44. BÖLÜM

162 7 27
                                    

Sabahın erken saatlerinde gözüne çarpan güneş ışıklarıyla uyanan genç, geceden kalma olduğu için gözlerini açmakta zorlandı. Başı zonkluyordu ve uzun zamandır bu kadar yorgun düşmemişti. Birkaç saniye sonra gözlerini açabildiğinde önce pencereden dışarı baktı. Gökyüzünde tek bir bulut bile yoktu, sakin dalga sesleri kulaklarını naif bir melodiyle dolduruyordu; kuşların uzaktan gelen sesi de bu melodiye eşlik ediyordu.

Tyler, gözlerini kapatarak ofladı ve hareket etmek istedi ancak göğsündeki ağırlık yüzünden bunu yapamadı. Hemen gözlerini açıp bu ağırlığın sebebine baktı.

"Freya?"

Genç kız, başını Tyler'ın göğsüne yaslamış ve derin bir uykuya dalmıştı. Tyler, kaşlarını çatarak dün gece neler olduğunu hatırlamaya çalıştı. Freya'yı odasına taşıması, yatağına yatırması ve genç kızın onu kolundan tutması dışında bir şey hatırlamıyordu.

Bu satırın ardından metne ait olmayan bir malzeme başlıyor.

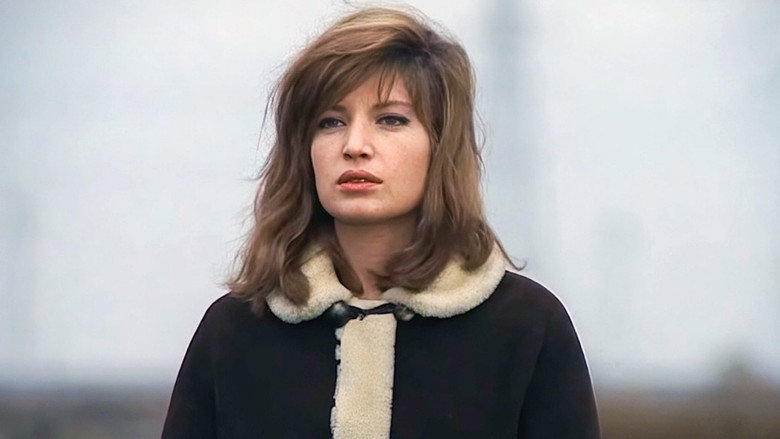 кадр из фильма Monica Vitti, die Königin des italienischen Films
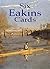 Six Eakins Cards by Thomas Eakins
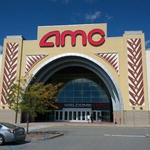 AMC Rockaway 16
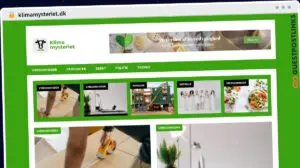 Publish Guest Post on klimamysteriet.dk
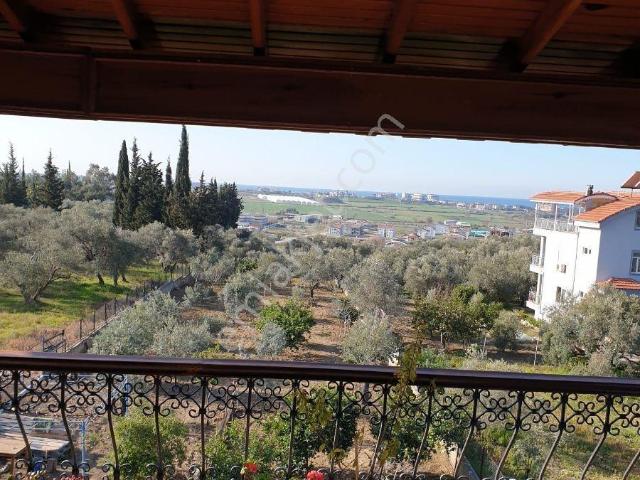 Eşyalı Lüks Daire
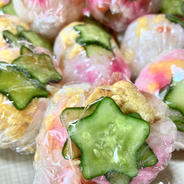 レパートリー無限大！デコレーションきゅうりとトマトセット！ 約１キロ 果物や野菜などのお取り寄せ宅配食材通販産地直送アウル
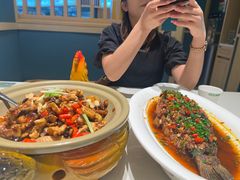 -绿草地·湘菜(悦方ID mall店)
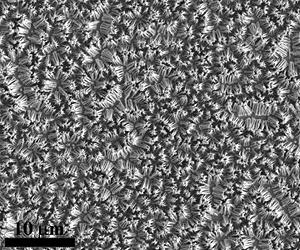 Engineering Researchers Simplify Process To Make World's Tiniest Wires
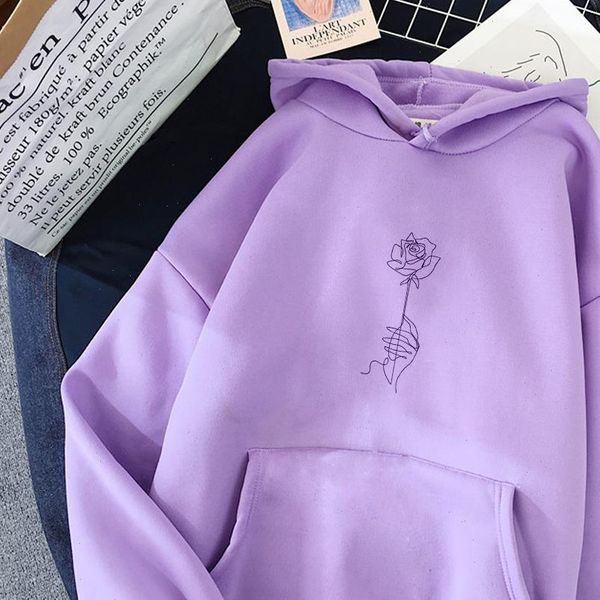 sudaderas mujer harajuku warm womens sweatshirts long sleeve loose casual tracksuit pullovers, Black
sudaderas mujer harajuku warm womens sweatshirts long sleeve loose casual tracksuit pullovers, Black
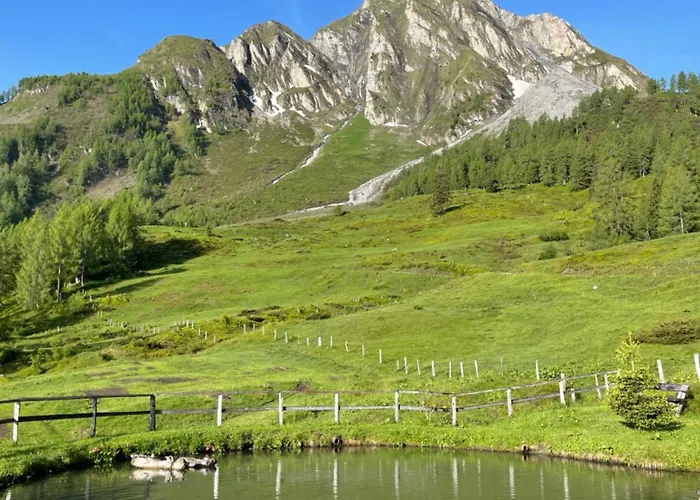 Séjour chez l'habitant Gaestezimmer Peterbauer
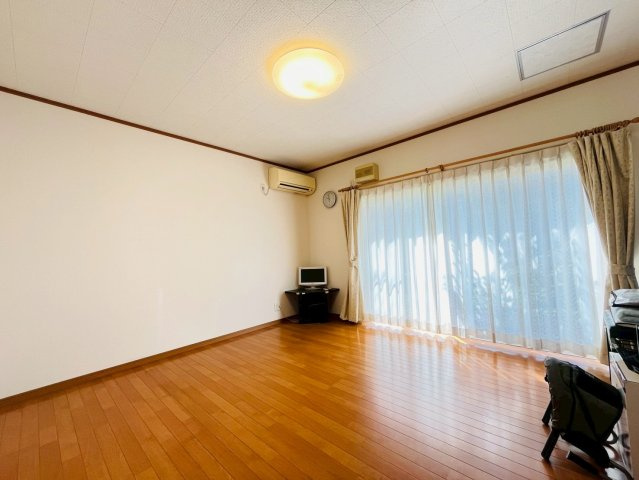 【洋室】 | 本庄市下野堂　中古戸建 | 防音室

"Freya." diye seslendi yavaşça.

"Hey, Freya. Kalk hadi." dedi ve omuzuna dokundu usulca. Freya, yerinde biraz kıpırdandı ama gözlerini açmadı. Tyler, genç kızın başını göğsünden kaldırmayı denedi ama Freya, elleriyle Ty'ın tişörtünü tutunca bunu da başaramadı.

"Hey, Freya. Tyler'ı gördün mü?" diyerek kapıyı açıp içeri dalan Jack, Tyler ve Freya'yı beraber görünce olduğu yerde kaldı.

"Sana da günaydın, Dylan." diyerek gözlerini devirdi ve ofladı, Ty.

"Birlikte mi uyudunuz?"

"Öyle görünüyor, değil mi?"

"Neler oldu?"

"Saçma sapan sorular sorma!"

Tyler, sesini yükseltmemeye çalışarak kaşlarını çatıp Jack'e baktı.

"Ne oldu?"

"Olması mı gerekiyor?"

"İçeri 'Tyler'ı gördün mü' diye girdin ya!"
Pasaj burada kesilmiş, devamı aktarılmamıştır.